I would not call myself domesticated in any way. I always thought of myself as a fab parent, though. That’s because I never really connected the two.
I spend a lot of time with my kids. We play. Have fun. Yank each other’s legs. And once in a while, I remind them that I am the mom. Because more often than not; it does not always show from the behavior. I get called ‘bro’ or ‘dude’ more than ‘Amma’.
And then the lockdown happened.
I did not expect to be locked down with them all the time. At first, I thought that it would pass in a week. And then I gave it a month. Now, the light at the end of the tunnel is so far away; I cannot see anything other than the walls.
I resigned myself to the confines of the four walls. In time, I realized that there was only so much of the kids I could see. That did not, in any way, make me a bad mom; but a normal one. In order to try out different things; I tried out cooking and cleaning.
It wasn’t so bad at all. Kids and I made anything we could, provided we could get our hands on the ingredients. Pizza. Lasagna. Donuts. Pies and cakes. Icecream. And whatnot. I cleaned the house regularly as well. I’m not just referring to the washing vessels or sweeping and mopping because the house-help was not allowed inside. I was starting to become a clean person.
I went out of my way to add small yet significant decor to the home. I pushed kids to clean up after them. It wasn’t so bad. I started referring to myself as Martha Stewart. Felt nice too. And it made me proud.
And then during a conversation with someone, when I proudly raved about my newfound desire to cook and clean; I was called a good parent. I was stumped. I did not understand the correlation between the two.
Why is my ability to cook and clean a factor in my being a mom? In fact, I thought it was the opposite. My plate was so full between my office work and housework; I barely spent the kind of time I used to with them. But apparently, the fact that I cooked and cleaned made me a better mom.
That, to me, is what I think is the bane of today. We, as a mom, are expected to do everything. And be good at everything. I should be able to cook fancy and healthy stuff. French fries – a Big no-no. Ordering-in made me incredibly selfish. I should know how to read and write every language that is being taught at school so that I can teach my kids. I should be able to solve high-school math and be aware of how Robert Clive governed India in the 17th century.
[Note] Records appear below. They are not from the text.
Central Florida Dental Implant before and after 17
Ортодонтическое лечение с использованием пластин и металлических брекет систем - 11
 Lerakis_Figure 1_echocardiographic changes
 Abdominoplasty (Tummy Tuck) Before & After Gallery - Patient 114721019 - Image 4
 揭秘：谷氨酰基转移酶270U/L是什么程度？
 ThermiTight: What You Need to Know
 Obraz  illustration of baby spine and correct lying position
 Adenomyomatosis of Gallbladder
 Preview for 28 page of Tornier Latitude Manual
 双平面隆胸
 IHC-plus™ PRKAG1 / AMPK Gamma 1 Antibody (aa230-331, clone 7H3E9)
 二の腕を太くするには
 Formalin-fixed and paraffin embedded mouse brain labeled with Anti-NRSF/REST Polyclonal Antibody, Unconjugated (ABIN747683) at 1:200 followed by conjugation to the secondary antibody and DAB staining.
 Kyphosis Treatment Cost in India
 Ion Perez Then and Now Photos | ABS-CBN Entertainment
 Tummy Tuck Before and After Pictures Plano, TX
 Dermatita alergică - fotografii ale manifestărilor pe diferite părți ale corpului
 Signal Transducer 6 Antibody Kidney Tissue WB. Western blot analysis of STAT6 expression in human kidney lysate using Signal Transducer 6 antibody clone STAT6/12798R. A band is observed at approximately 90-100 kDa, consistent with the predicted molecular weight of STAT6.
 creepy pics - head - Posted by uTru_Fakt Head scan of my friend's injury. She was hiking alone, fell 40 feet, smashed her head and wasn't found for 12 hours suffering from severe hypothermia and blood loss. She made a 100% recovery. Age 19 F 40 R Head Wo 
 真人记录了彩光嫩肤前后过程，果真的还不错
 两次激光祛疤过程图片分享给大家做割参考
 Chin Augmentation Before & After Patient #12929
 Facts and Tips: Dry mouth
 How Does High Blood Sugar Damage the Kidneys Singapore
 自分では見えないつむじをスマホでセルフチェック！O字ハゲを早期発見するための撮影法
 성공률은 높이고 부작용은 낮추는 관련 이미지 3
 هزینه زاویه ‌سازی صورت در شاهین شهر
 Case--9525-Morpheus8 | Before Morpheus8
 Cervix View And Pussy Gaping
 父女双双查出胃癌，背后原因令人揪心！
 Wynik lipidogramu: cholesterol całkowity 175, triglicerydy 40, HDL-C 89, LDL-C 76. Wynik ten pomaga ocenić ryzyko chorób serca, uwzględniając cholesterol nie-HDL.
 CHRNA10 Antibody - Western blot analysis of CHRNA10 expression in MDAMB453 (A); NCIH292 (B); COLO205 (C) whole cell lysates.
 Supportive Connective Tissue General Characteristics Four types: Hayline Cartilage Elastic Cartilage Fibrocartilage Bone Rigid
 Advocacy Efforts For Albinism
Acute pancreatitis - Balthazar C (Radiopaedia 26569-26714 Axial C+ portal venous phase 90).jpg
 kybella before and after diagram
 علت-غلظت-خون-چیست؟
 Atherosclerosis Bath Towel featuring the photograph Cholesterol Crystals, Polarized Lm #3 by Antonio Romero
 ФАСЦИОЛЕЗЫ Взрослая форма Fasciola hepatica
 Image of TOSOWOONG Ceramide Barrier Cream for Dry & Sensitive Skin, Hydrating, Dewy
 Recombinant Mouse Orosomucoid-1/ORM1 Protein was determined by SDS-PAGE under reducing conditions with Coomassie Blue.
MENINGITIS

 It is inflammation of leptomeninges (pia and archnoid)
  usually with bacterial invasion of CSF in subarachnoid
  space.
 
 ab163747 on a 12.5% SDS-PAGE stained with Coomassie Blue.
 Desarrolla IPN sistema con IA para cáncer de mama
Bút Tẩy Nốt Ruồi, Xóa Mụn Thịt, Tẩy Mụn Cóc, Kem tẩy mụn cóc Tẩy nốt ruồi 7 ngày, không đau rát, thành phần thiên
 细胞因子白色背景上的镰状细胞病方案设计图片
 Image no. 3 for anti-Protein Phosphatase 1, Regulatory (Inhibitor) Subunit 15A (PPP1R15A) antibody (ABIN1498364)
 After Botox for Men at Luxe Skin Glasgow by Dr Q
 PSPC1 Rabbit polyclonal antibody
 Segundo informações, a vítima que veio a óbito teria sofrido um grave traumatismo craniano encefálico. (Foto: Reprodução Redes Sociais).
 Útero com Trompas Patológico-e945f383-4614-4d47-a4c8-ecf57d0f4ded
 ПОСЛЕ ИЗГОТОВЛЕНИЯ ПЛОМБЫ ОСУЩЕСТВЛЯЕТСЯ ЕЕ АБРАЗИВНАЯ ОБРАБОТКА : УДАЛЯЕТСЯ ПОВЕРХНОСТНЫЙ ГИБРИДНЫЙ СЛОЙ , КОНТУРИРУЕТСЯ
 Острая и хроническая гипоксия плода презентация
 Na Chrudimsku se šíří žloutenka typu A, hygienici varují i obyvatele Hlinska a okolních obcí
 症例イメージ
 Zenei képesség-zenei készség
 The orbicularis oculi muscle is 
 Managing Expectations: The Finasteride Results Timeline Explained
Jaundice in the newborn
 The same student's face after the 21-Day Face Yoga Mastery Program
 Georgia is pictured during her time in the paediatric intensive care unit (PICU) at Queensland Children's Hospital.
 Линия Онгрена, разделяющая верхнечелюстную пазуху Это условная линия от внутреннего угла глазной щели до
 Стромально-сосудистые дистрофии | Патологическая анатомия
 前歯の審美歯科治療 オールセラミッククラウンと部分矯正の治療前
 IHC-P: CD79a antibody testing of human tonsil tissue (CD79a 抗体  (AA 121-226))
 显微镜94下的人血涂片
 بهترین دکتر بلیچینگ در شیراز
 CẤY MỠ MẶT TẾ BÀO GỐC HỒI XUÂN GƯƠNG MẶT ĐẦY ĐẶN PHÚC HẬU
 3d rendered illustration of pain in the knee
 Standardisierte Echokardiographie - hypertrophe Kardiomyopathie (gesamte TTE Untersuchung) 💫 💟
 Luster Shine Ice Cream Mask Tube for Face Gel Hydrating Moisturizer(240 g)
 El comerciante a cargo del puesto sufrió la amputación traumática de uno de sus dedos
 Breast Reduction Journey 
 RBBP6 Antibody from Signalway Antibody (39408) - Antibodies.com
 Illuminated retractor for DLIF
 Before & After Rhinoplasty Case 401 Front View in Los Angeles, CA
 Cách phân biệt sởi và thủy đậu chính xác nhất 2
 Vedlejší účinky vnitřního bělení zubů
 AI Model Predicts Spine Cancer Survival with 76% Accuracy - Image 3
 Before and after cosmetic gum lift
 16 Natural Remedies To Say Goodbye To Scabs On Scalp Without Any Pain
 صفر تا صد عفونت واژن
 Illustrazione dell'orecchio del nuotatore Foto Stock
The endless list of demands from a mother is not just unjust; it borders on abuse. We, as mothers, should draw a line somewhere. I do not have to spend every waking moment doing something beneficial for the kids. If I give them some TV-time simply because I want to catch some z’s or watch TV, I should be able to do so with pride. If I prefer reading a book to playing with the kids or cooking broccoli soup for them, I should not have to feel guilty. If I give them curd rice for dinner because I do not feel like cooking at night, I should not have to explain myself.
I love my children, and I choose to show it the way I want. It could be with chocolates, TV or a day of playtime. Don’t tell me that I am spoiling my kids or being a bad mom.
Like the first-wives club, we should have a mom’s club. This is us. We are doing our best. And we also prefer not to give it our best all the time.